PROBLEM REQUIREMENTS:
Start at the line in the entries below that contains "Rounded Breasts and", stop at the line that contains "Árvore de Natal em madeira 41 cm", and output exactly the lines in that span, both ends included.

SUPPLIED MATERIAL:

++++

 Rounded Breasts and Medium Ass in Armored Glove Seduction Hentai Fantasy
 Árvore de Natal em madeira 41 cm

++++

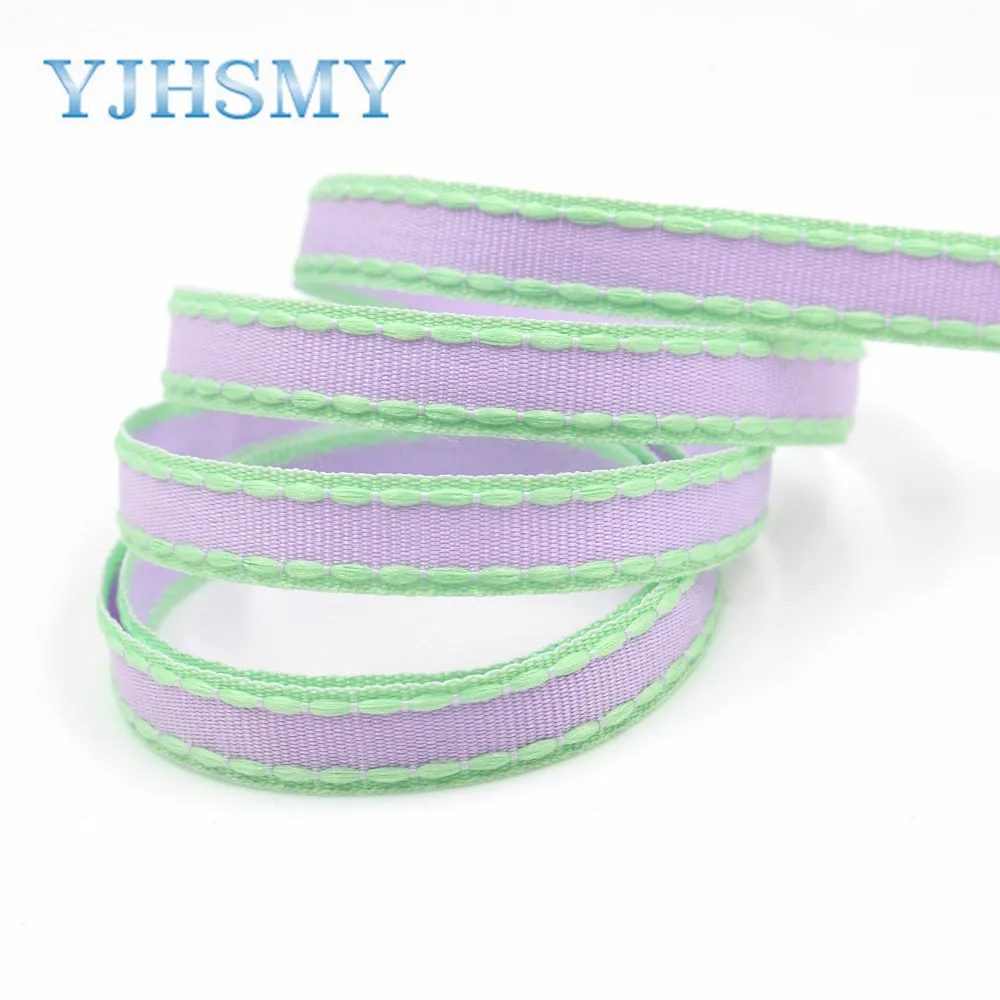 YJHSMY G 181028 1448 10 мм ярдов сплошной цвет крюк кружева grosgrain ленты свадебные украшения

++++

TASK OUTPUT:
 Rounded Breasts and Medium Ass in Armored Glove Seduction Hentai Fantasy
 Árvore de Natal em madeira 41 cm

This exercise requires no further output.